Records supplied:

┌──

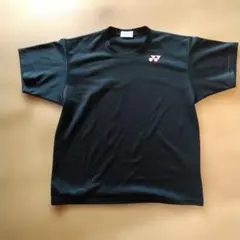 YONEX ブラック Tシャツ Sサイズ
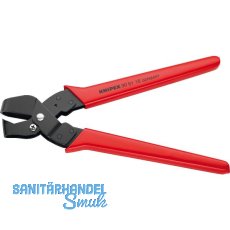 KNIPEX Ausklinkzange 9061, Kapazit�t 16 x 32 mm, KS-Griff, br�niert, L=250 mm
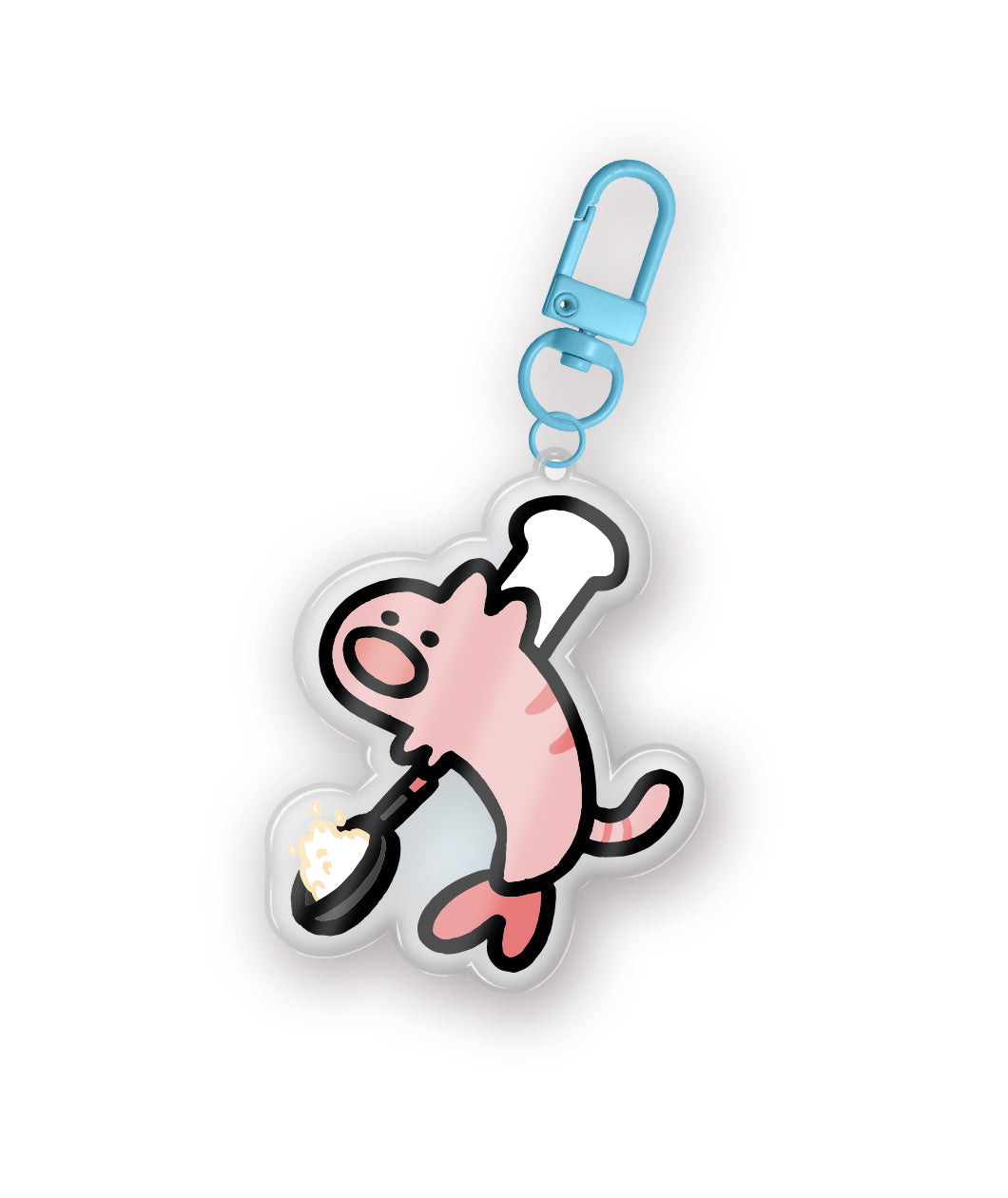 Catino Keychain 4 pack!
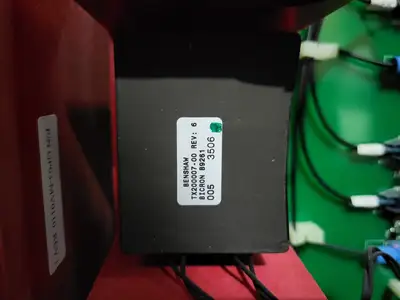 USED BENSHAW CFMVRSTS-350-4160-1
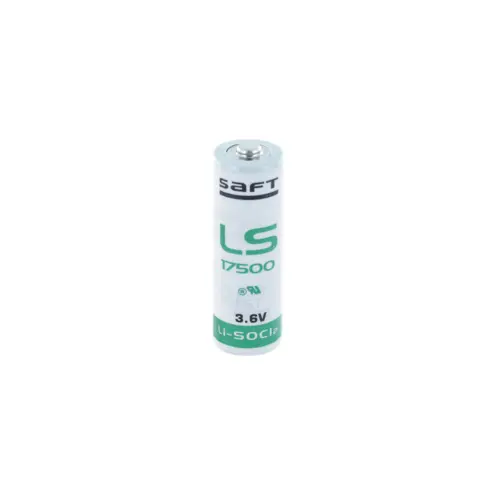 Baterija litijeva 3,6V 17500 Li-Ion 3600mAh, Saft LS17500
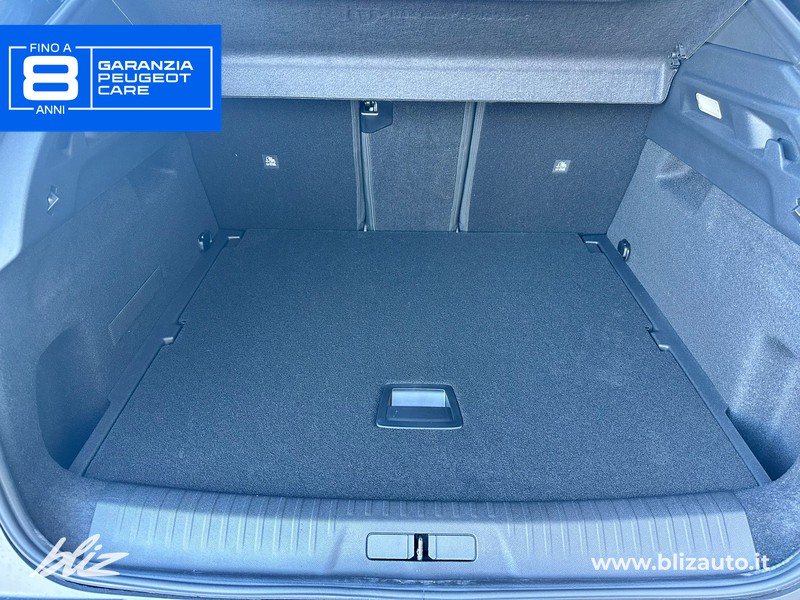 Peugeot 3008 1.2 hybrid allure 145cv e-dcs6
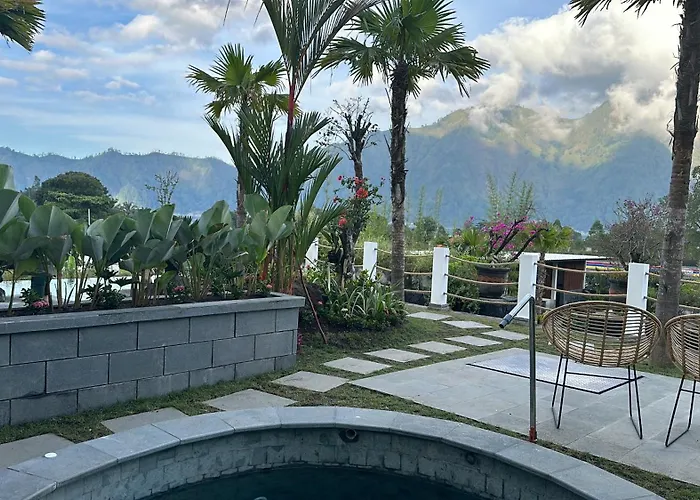 The Lava Bali And Hot Spring 4*
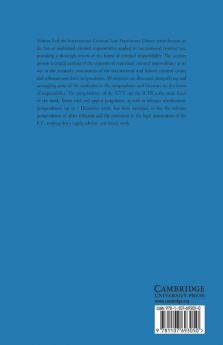 International Criminal Law Practitioner Library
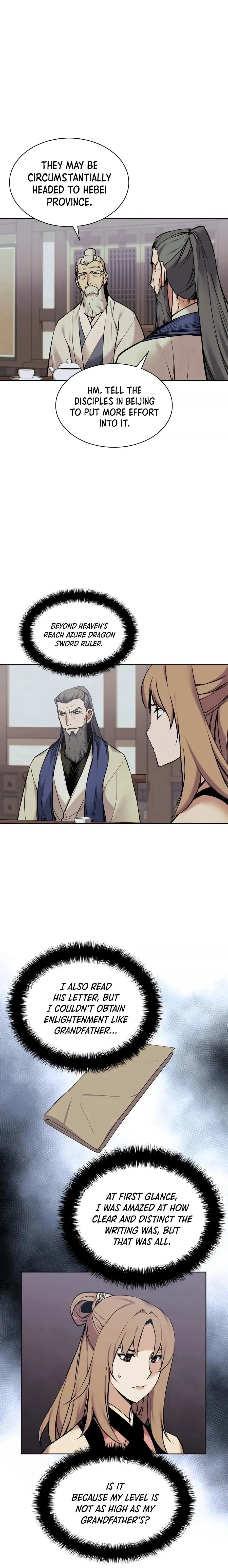 Haksa Geomjeon Chapter 9 page 4 - 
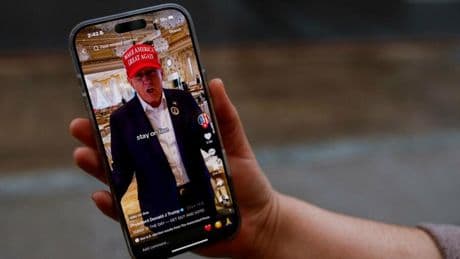Social Media: Tiktok soll in den USA weiterlaufen – Trump verkündet Einigung mit China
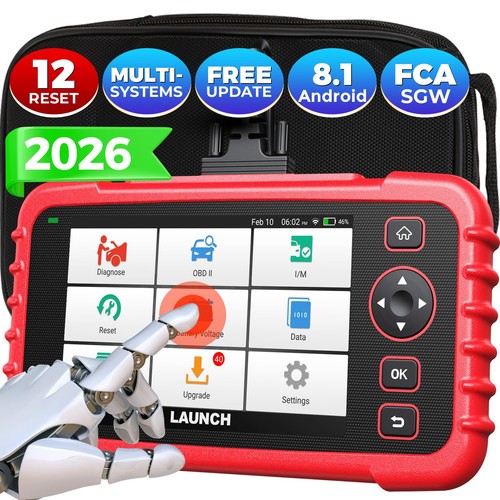 Launch crp129x obd2 - v3.0,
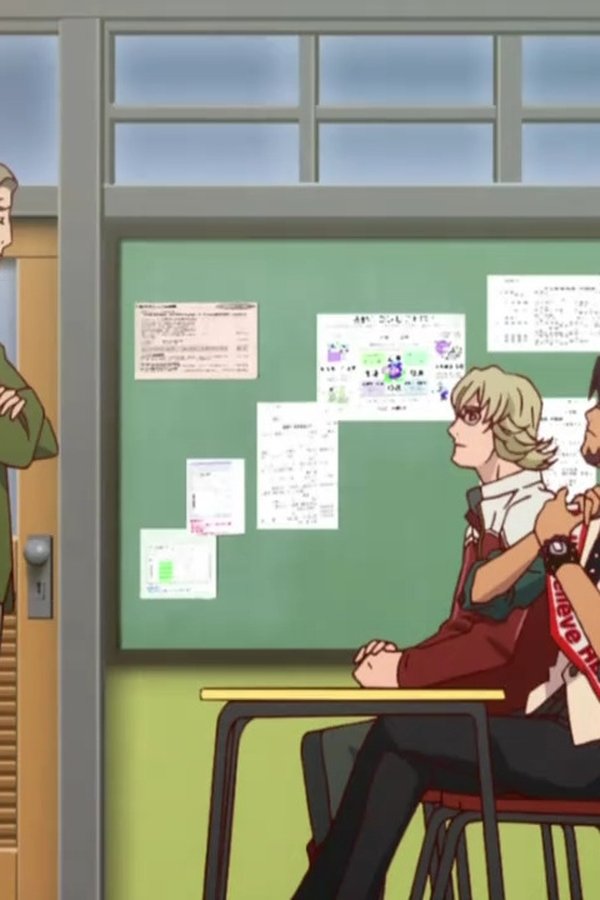 Tiger & Bunny – S01E08 – C’è sempre una possibilità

└──

Exercise: Copy out the material word for word, without any images.

Solution:
 YONEX ブラック Tシャツ Sサイズ
 KNIPEX Ausklinkzange 9061, Kapazit�t 16 x 32 mm, KS-Griff, br�niert, L=250 mm
 Catino Keychain 4 pack!
 USED BENSHAW CFMVRSTS-350-4160-1
 Baterija litijeva 3,6V 17500 Li-Ion 3600mAh, Saft LS17500
 Peugeot 3008 1.2 hybrid allure 145cv e-dcs6
 The Lava Bali And Hot Spring 4*
 International Criminal Law Practitioner Library
 Haksa Geomjeon Chapter 9 page 4 - 
Social Media: Tiktok soll in den USA weiterlaufen – Trump verkündet Einigung mit China
 Launch crp129x obd2 - v3.0,
 Tiger & Bunny – S01E08 – C’è sempre una possibilità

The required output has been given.